(Beginning of GIVEN DATA)

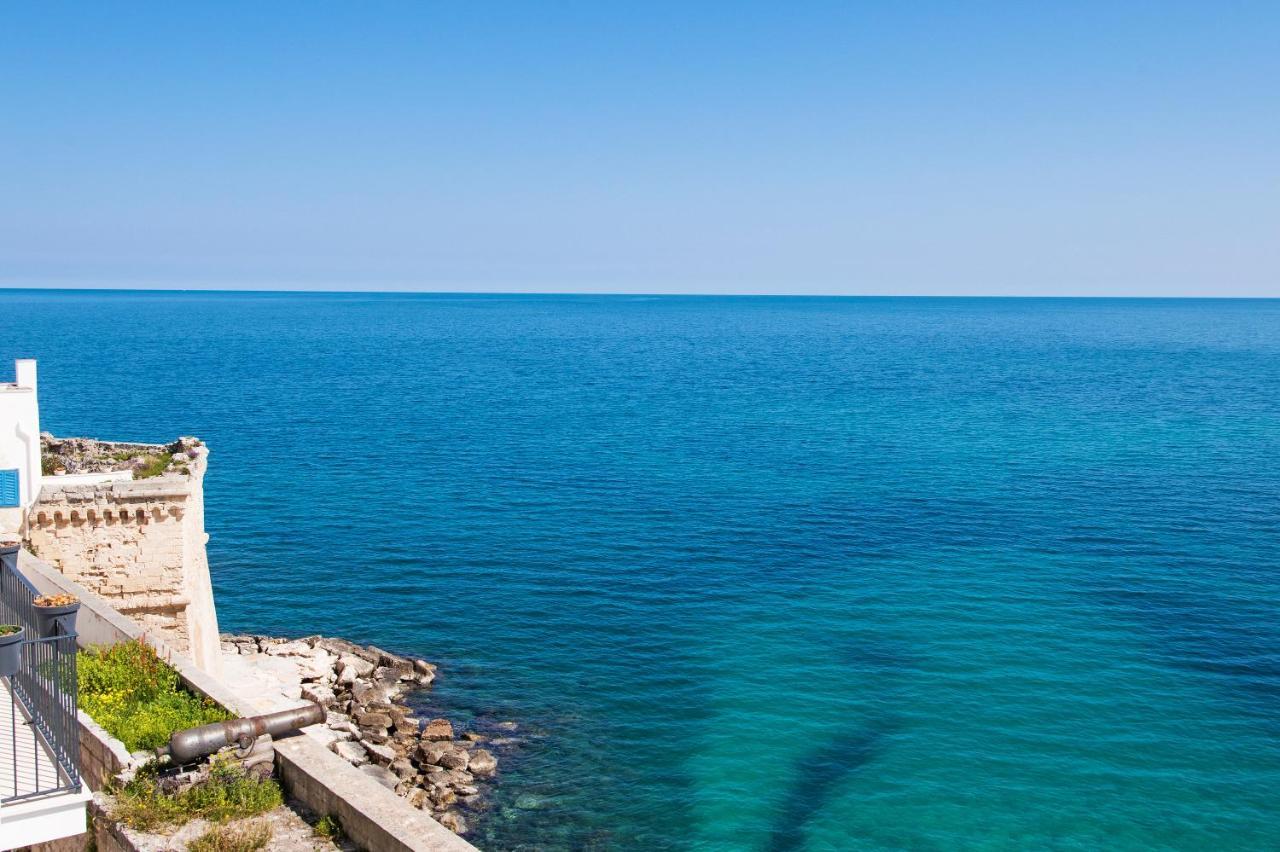 Meraviglia Sul Mare Monopoli Kültér fotó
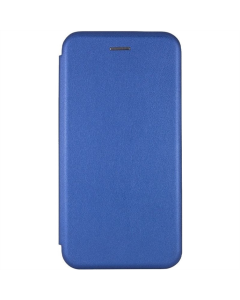 Чехол кейс для TECNO Spark Go 1 (KL4) / Spark Go 2025 Классный Синий (Blue)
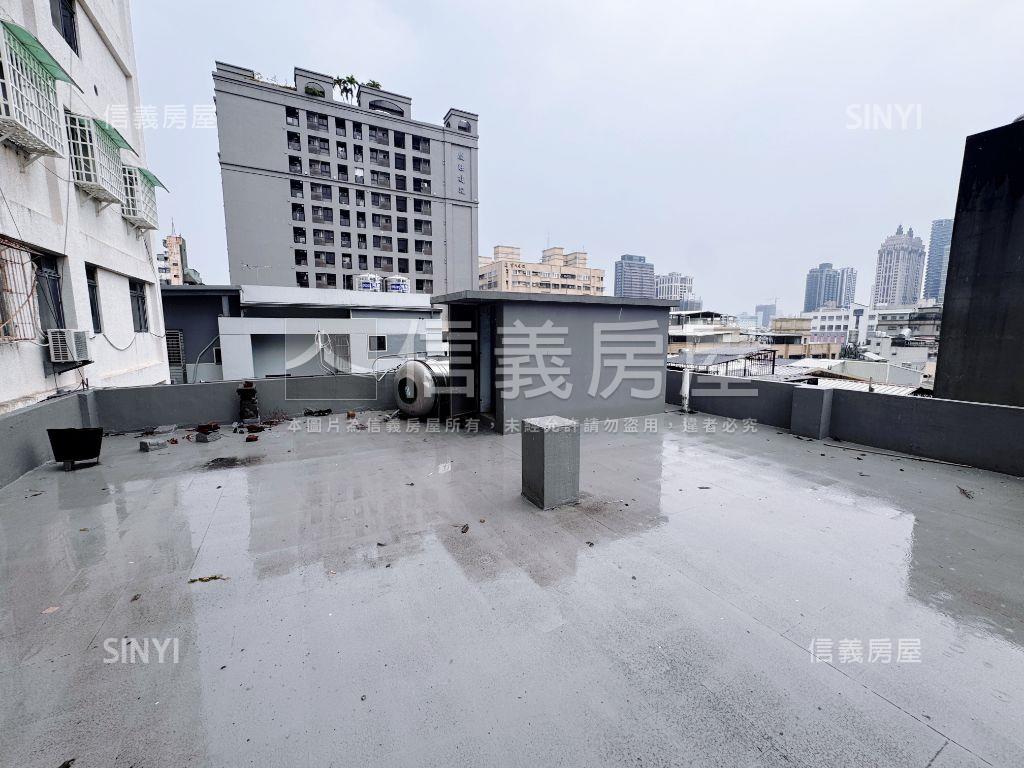 中正三路雙金透店房屋室內格局與周邊環境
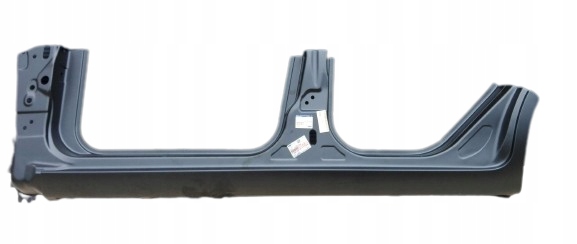 Купить Порог ford focus mk 2 4d/5d 2004-2008 стойку левое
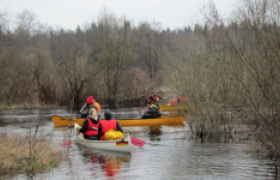 Boat Rent: “Dzelzāmurs” – the bridge on the road “A7”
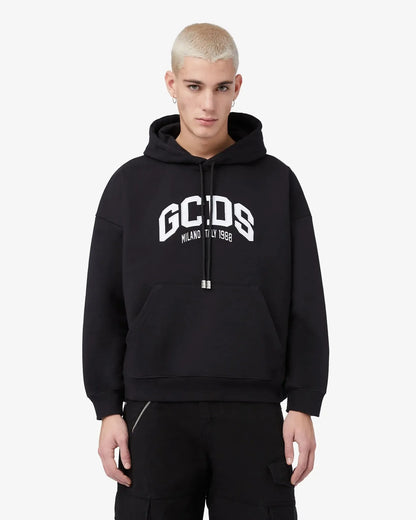 GCDS - Gcds Logo Lounge 1988 Hoodie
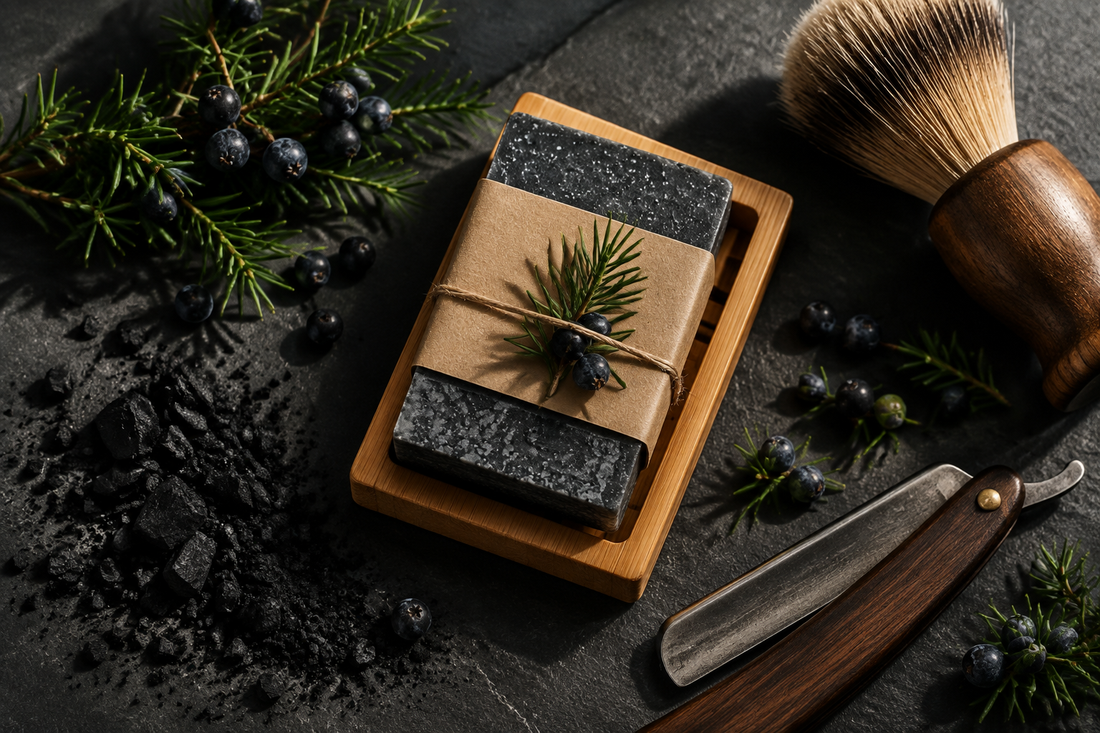 Savon solide pour homme : que rechercher dans la formule ?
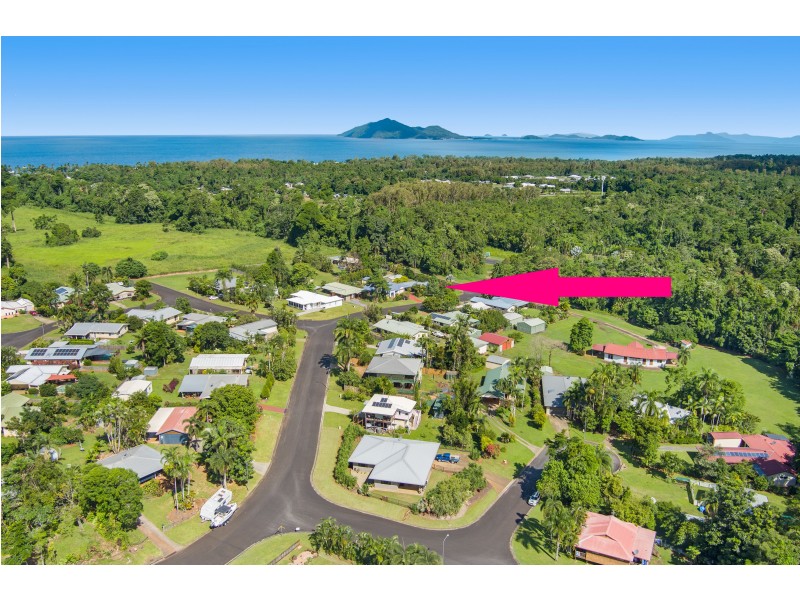 1D Royal Palm Dr, Mission Beach QLD 4852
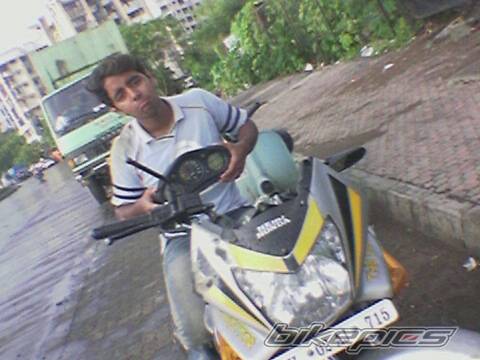2006 HERO HONDA KARIZMA | Picture 496678 motorcycle photo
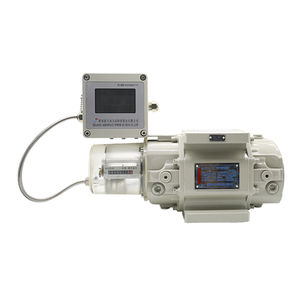 medidor de vazão volumétrico 1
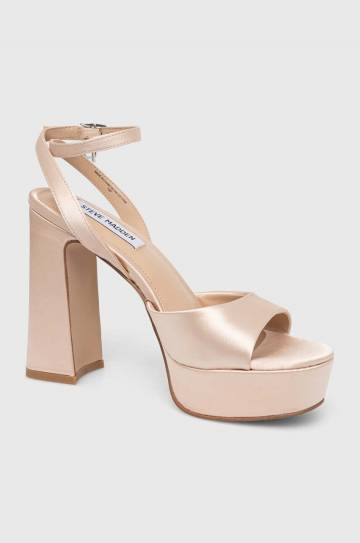 Сандалии Steve Madden Transpire цвет бежевый SM11002900 Сандалии Steve Madden Transpire цвет бежевый SM11002900
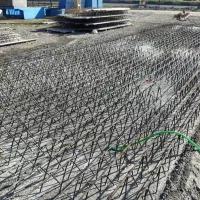 تولید تیرچه پایه فنس مصالح ساختمانی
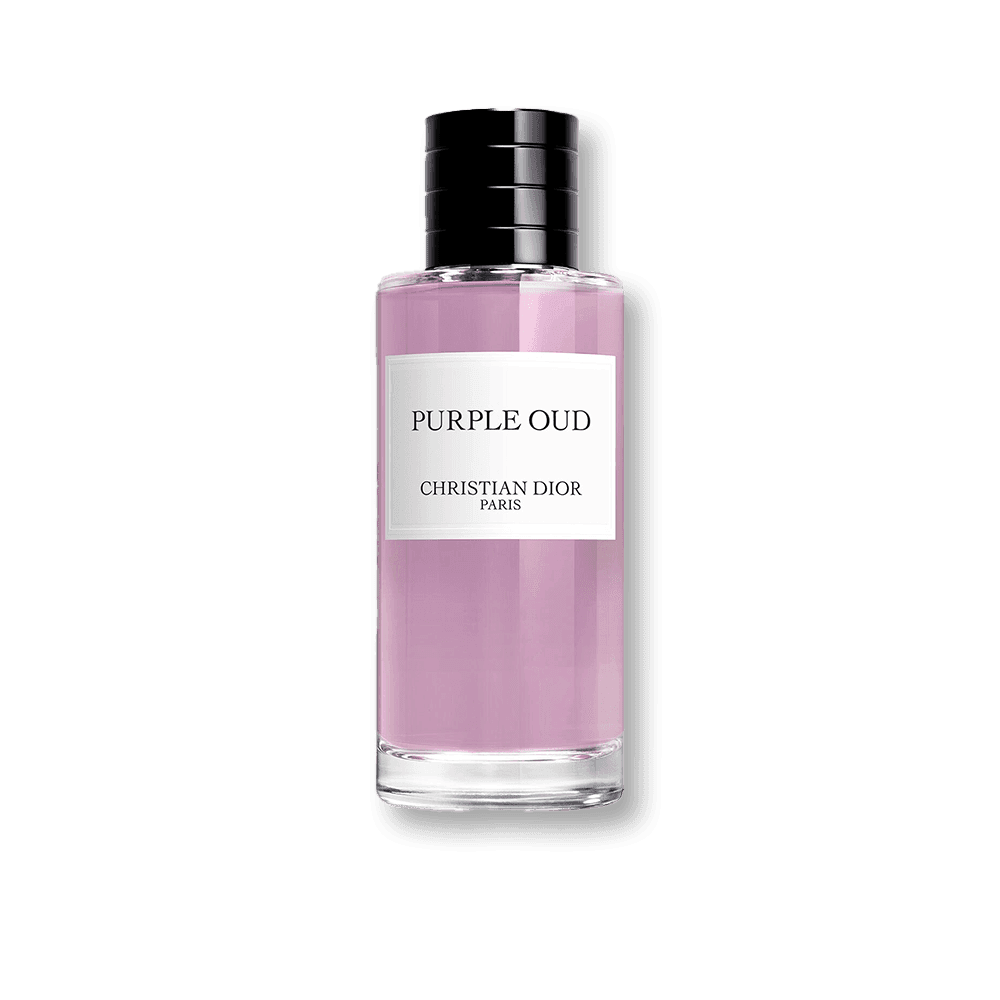 CRISTIAN DIOR PURPLE OUD EDP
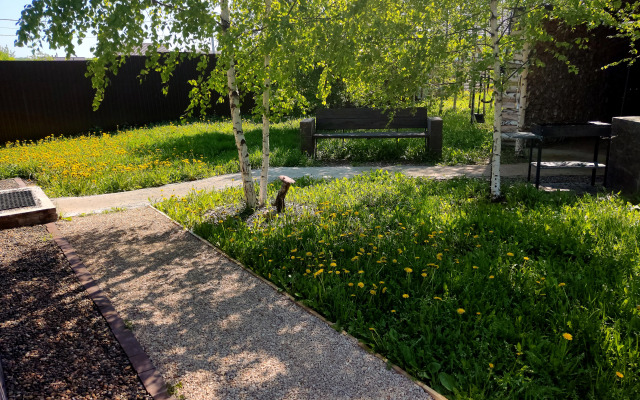 Частный дом рядом с Нижним Новгородом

(End of GIVEN DATA)

### EXERCISE PROMPT
Please copy exactly the lines from the one containing "Savon solide pour" through the end of the records above, leaving out every picture.

### ANSWER TO THE EXERCISE
 Savon solide pour homme : que rechercher dans la formule ?
 1D Royal Palm Dr, Mission Beach QLD 4852
2006 HERO HONDA KARIZMA | Picture 496678 motorcycle photo
 medidor de vazão volumétrico 1
 Сандалии Steve Madden Transpire цвет бежевый SM11002900 Сандалии Steve Madden Transpire цвет бежевый SM11002900
 تولید تیرچه پایه فنس مصالح ساختمانی
 CRISTIAN DIOR PURPLE OUD EDP
 Частный дом рядом с Нижним Новгородом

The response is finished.